Quotes, ROT, and getting paid
DNS Construction also moved quoting onto FieldApp. A branded online booking page on their own domain feeds new enquiries straight in, and quotes are built from templates with the Swedish ROT deduction (30% of the labour cost) calculated automatically and split out on the line items, so the customer sees their net price without Jonas reaching for a calculator. Customers sign with e-signature from their phone — no printing, no "I'll drop it by next week." Quoting went from two evenings a week at the kitchen table to roughly 20 minutes a job.
Because the time clock, photos, and ÄTA all attach to the job, invoicing is no longer an archaeology project. At handover the labour is already logged and the extras are already captured, so Jonas reviews and sends — invoices now go out same-day instead of three weeks later, and they sync to Fortnox automatically with Stripe handling card payments. Cashflow that used to trail the work by a month now follows it by a day.

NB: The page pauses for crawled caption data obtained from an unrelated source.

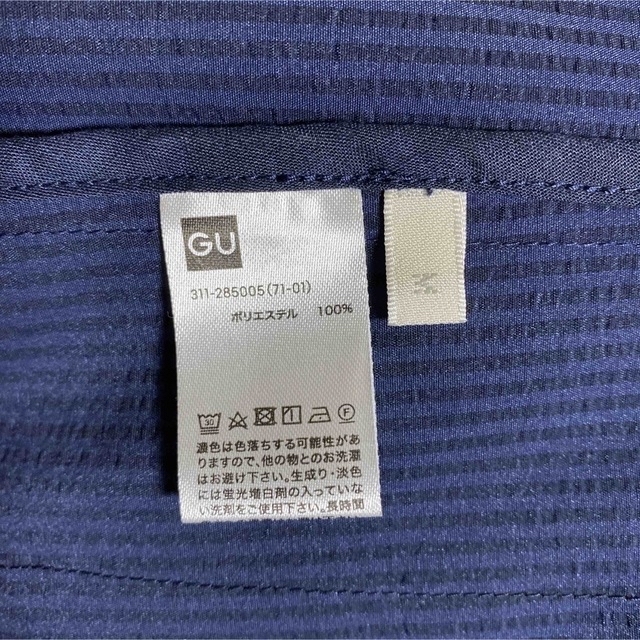 GU(ジーユー)の56様専用　GU シアサッカーセットアップ　上下セット　M メンズのジャケット/アウター(テーラードジャケット)の商品写真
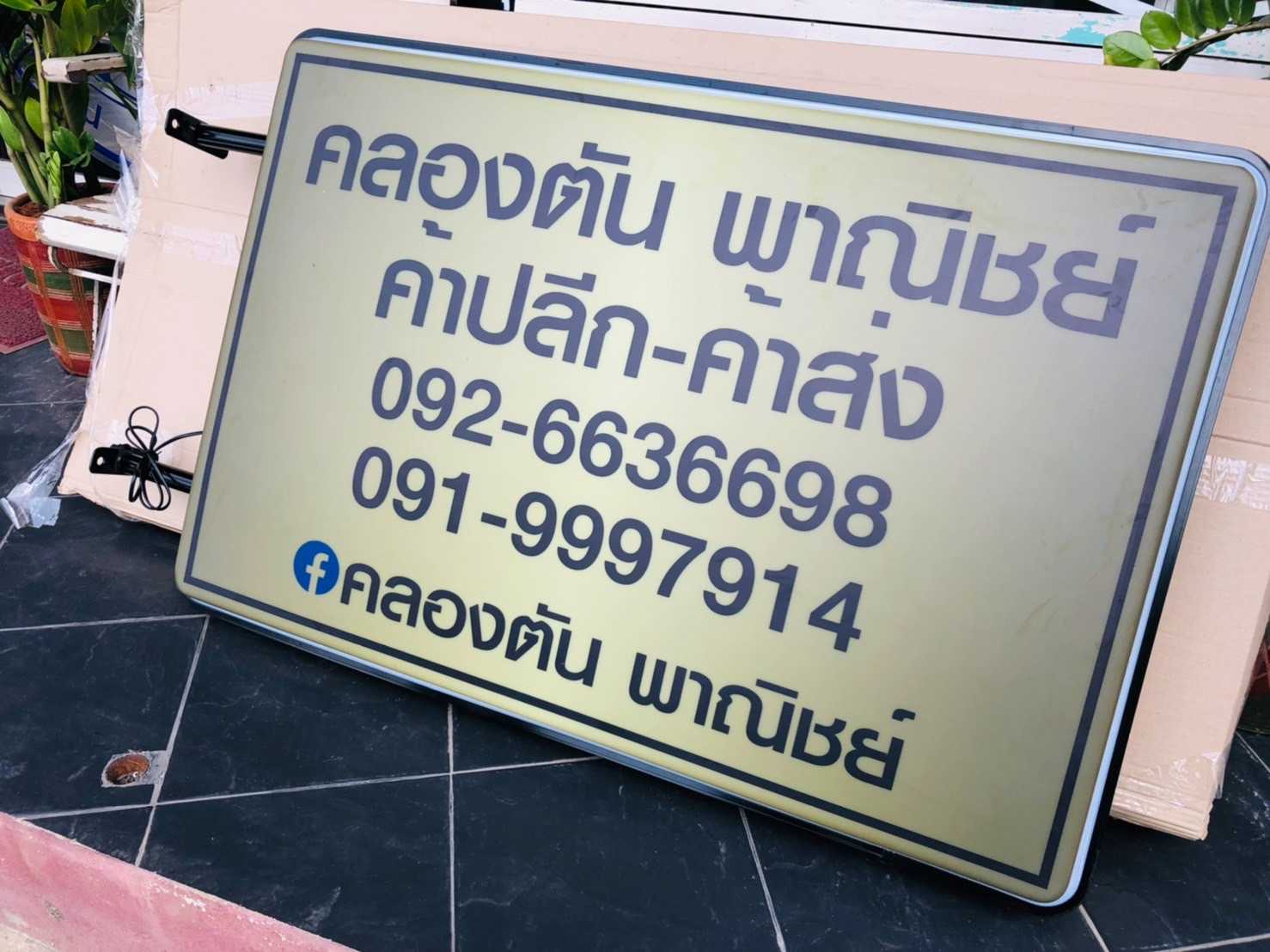 กล่องไฟสำเร็จกว้าง 80 ยาว 120cm 2หน้า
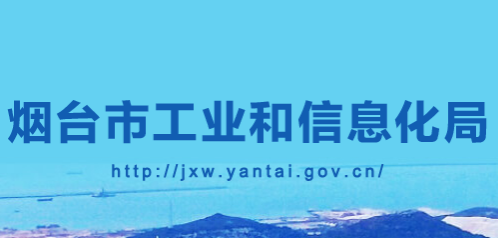 煙臺市工業(yè)和信息化局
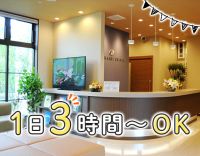 週2日～OK！時給2300円以上も◎パートも賞与あり☆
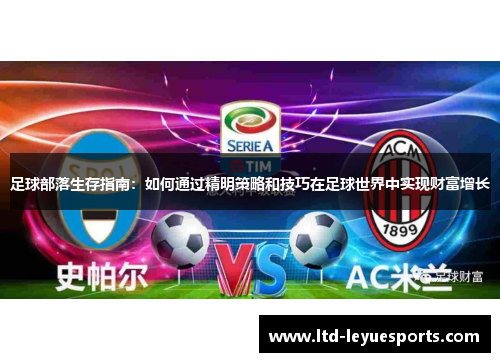 足球部落生存指南:如何通过精明策略和技巧在足球世界中实现财富增长 足球部落生存指南:如何通过精明策略和技巧在足球世界中实现财富增长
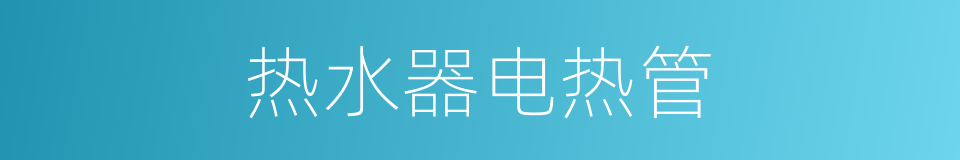 热水器电热管的同义词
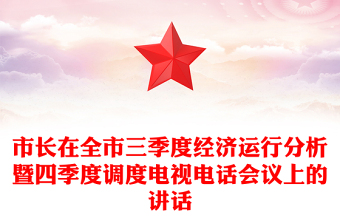市长在全市三季度经济运行分析暨四季度调度电视电话会议上的讲话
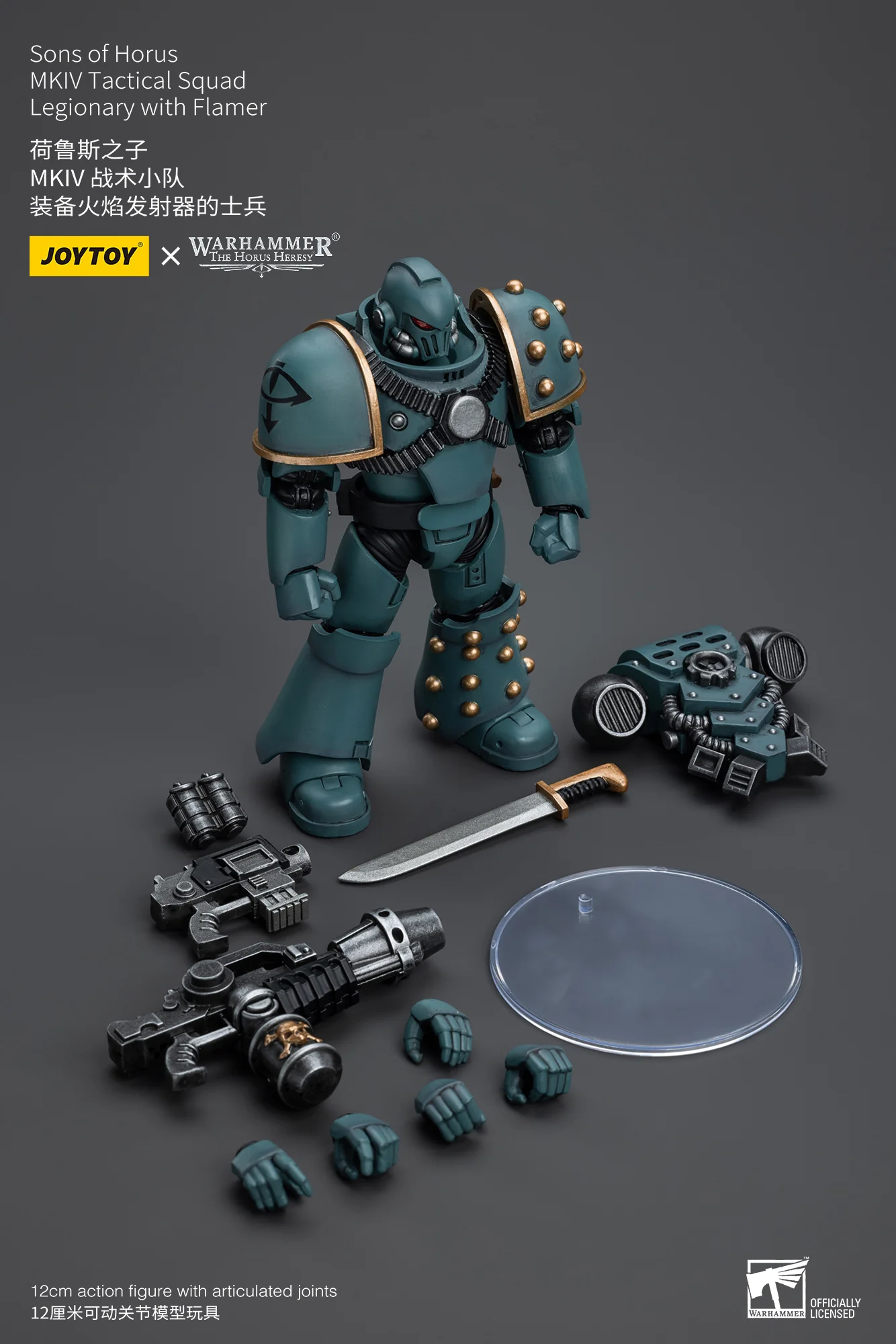JOYTOY Warhammer The Horus Heresy 1:18 Sons of Horus MKIV Tactical Squad - JOYTOY WORLD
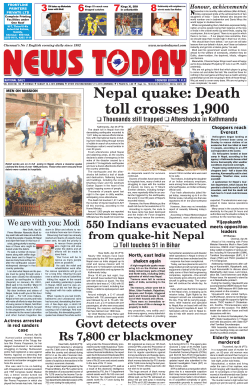 Nepal quake: Death toll crosses 1,900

Two more pieces rounded it out. Egenkontroll (self-inspection protocols) run as digital checklists on site, so the documentation a builder is required to keep is generated as the work happens instead of reconstructed afterward. And a customer status portal lets homeowners see where their job stands — which quietly killed the "any update?" phone calls that used to interrupt every afternoon. When Jonas needs to draft a scope description or summarise a week of voice notes, the built-in AI assistant turns the raw site logs into clean text.
What changed in 90 days
Three months in, the numbers tell the story. Quoting dropped from two evenings a week to about 20 minutes per job. Payroll went from a lost weekend to a single CSV export. Invoices that used to take three weeks now leave same-day, and captured ÄTA added back five figures a month that used to vanish. The Sunday kitchen-table session is gone.
If you run a builder or carpenter crew on long jobs and you're tired of chasing hours, losing extras, and waiting a month to get paid, FieldApp pulls booking, ROT quotes, scheduling, the offline field app, egenkontroll, the time clock, and invoicing into one branded system. Try FieldApp free for 14 days and run your next job through it end to end.
FAQ
How does ROT deduction work on a builder or carpenter quote?

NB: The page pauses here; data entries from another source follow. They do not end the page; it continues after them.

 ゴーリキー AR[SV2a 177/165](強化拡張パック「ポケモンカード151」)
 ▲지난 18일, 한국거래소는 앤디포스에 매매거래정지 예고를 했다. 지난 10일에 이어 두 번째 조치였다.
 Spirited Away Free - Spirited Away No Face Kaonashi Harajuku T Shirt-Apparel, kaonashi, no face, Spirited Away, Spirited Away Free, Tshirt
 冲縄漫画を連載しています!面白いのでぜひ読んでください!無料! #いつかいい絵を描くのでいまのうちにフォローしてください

ROT gives the homeowner a tax reduction of 30% of the labour cost (material isn't included). In FieldApp the deduction is calculated automatically and shown on the quote, so the customer sees their net price. Annual caps and eligibility are set by Skatteverket, so confirm the current limit per person before invoicing.
How do I stop losing ÄTA (extra work) on renovation jobs?

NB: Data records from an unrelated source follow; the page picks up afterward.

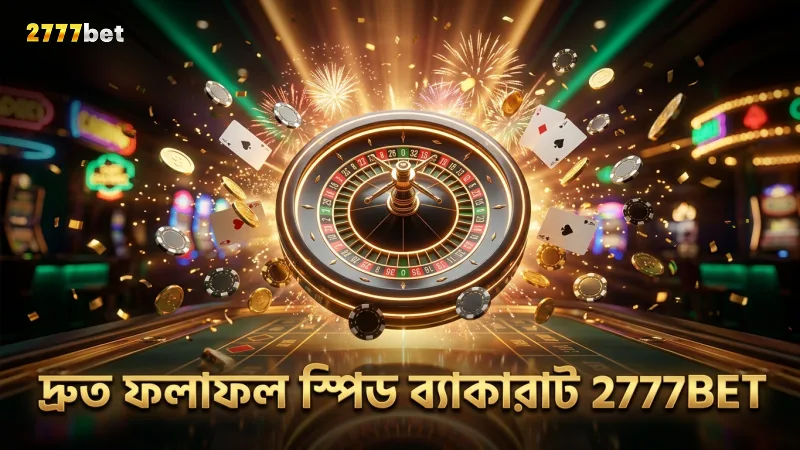স্পিড ব্যাকারাটে দ্রুত ফলাফল পাওয়ার সুযোগ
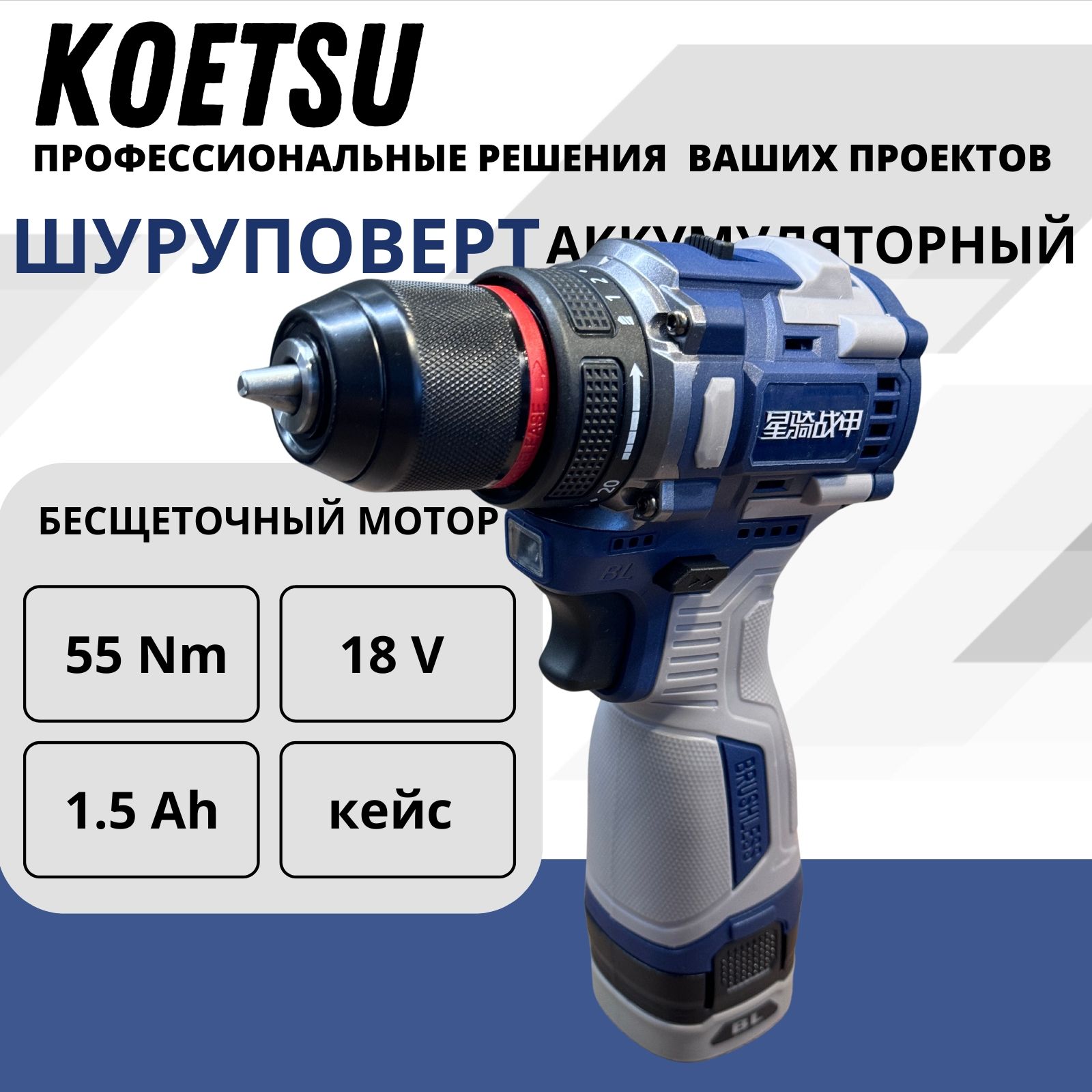 KOETSU 18V шуруповерт аккумуляторный бесщеточный 18В, 55Нм, 2 АКБ LI-ION, 1,5Ач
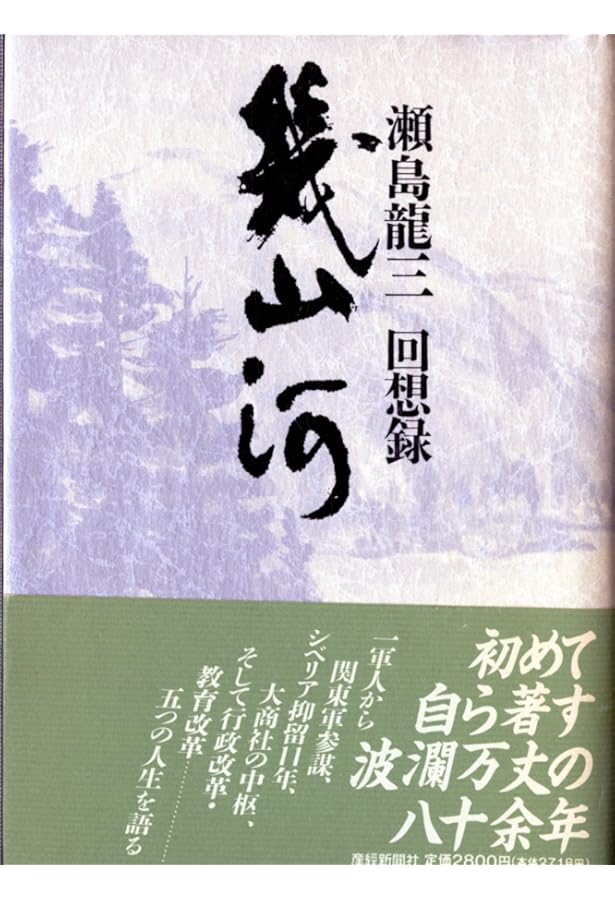 Amazon.co.jp: 幾山河―瀬島龍三回想録 : 瀬島 龍三: 本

Capture it the moment it's agreed, on site, not at invoice time. With FieldApp's offline field app a carpenter logs the extra work with a photo and voice note immediately, so it attaches to the job and lands on the final invoice instead of being forgotten three weeks later.
Can my crew log hours and photos on sites with no signal?
Yes. FieldApp's field app is an offline PWA — photos, voice notes, checklists, and time-clock entries are stored on the phone and sync automatically once it reconnects, which matters on concrete-walled extensions and basements with no reception.
Does FieldApp work with Fortnox and handle payments?
Yes. Invoices sync to Fortnox automatically and Stripe handles card payments, so once the job's hours and extras are logged you can review and send the invoice the same day rather than rebuilding it from scratch.